(sumber Haluan Kepri)
Jumat, 08 July 2011 00:00
BATUAJI- Program kesehatan gratis bagi masyarakat miskin di Kota Batam patut dievaluasi. Pasalnya, seringkali ada warga miskin yang tetap dimintai bayaran tinggi saat menjalani perawatan di rumah sakit. Padahal itu rumah sakit pemerintah, dan merekapun sudah menunjukkan Surat Keterangan Tidak Mampu (SKTM).
Begitulah yang dialami Dian Herawati (45), warga Seilekop, Sagulung yang menjadi korban kecelakaan lalulintas pada 10 Juni lalu. Janda tiga anak ini tetap dimintai bayaran selangit saat berobat ke Rumah Sakit Otorita Batam (RSOB). SKTM yang ditunjukkan ke manajemen RSOB sudah tidak berlaku lagi.

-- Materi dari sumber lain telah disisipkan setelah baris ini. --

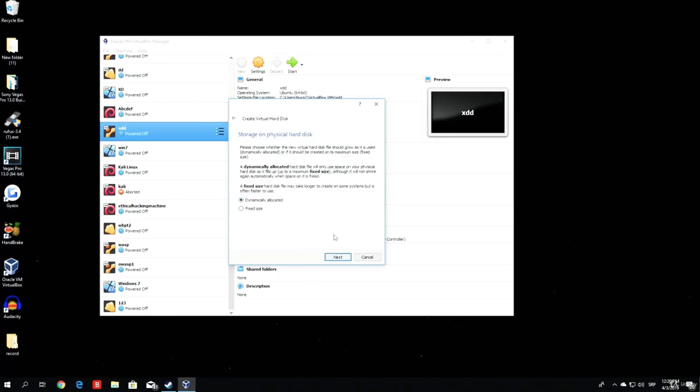Just click next, which is selected as VirtualBox disk image. Dynamically allocated, what this means basically...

Ditemui di RSUD Embung Fatimah di Batuaji, Rabu (6/7), Dian menuturkan, akibat kecelakaan itu, dirinya harus mengalami batok kepala sebelah kanan bocor yang mengakibatnya terjadi penggumpalan darah di sebelah kiri, serta telinga bagian kanan mengeluarkan darah. Kecelakaan itu dialaminya di jalan raya depan Puskopkar Batu Aji, Jumat (10/6) sekitar pukul 22.00 WIB. Ia sebelumnya dibawa ke RSUD Embung Fatimah, kemudian, untuk mendapat aperawatan intensif, dirinya dirujuk ke RSOB.

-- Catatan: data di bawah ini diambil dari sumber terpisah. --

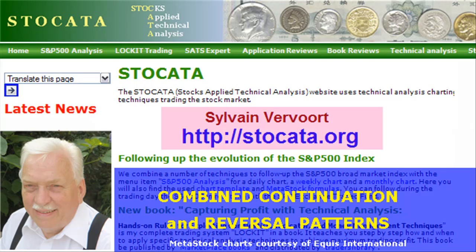Hi, Sylvain Vervoort with Technical Analysis Part 9. We will continue to look at price trend patterns. We started with reversal patterns, now continuing with patterns that can be either a continuation or a reversal pattern. Pay a visit to my website at stoccata.org. The final purpose of this video series is to teach you how to trade successfully applying technical analysis techniques.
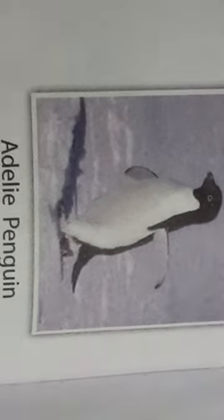These are penguins which live in Antarctica. Please subscribe and like this channel.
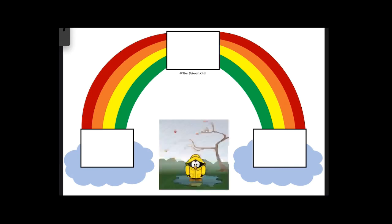This is a picture of wet. W-E-T. E, E is E, wet.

"Katanya hanya ada satu dokter spesialis bedah saraf di Batam, makanya saya dirujuk ke RSOB," tutur Dian.
"Waktu masuk ke RSUD, saya diharuskan membayar sekitar Rp1,5 juta. Untuk membayar biaya tersebut saya terpaksa berhutang sana-sini. Waktu masuk RSOB, anak saya juga harus mencari bantuan dengan berhutang ke beberapa kenalan, karena kondisi kami sedang tidak ada uang," ujar Dian.
Mengingat dirinya termasuk warga miskin, kata Dian, maka Ketua RT, RW dan Lurah Sei Lekop turun tangan untuk membantu dengan membuatkan SKTM.
"Ketua RT dan RW tahu kondisi saya, tahu kondisi perekonomian saya, makanya mereka membantu membuatkan SKTM, sehingga saya bisa dioperasi di RSOB," ujar Dian.
Dian mengaku, sebenarnya ia tak ingin memanfaatkan kartu Jamkesmas walaupun ada kesempatan. Ia merasa masih mampu berusaha sendiri untuk menjalani kehidupannya. "Selagi saya mampu, saya akan berusaha. Makanya saya dulunya enggak ingin membuat kartu Jamkesmas. Biarlah yang lebih membutuhkan mendapatkannya," ujarnya.
Namun nasib berkata lain. Kini ia terpaksa harus menggunakan SKTM untuk meringankan beban biaya pengobatan di RSOB.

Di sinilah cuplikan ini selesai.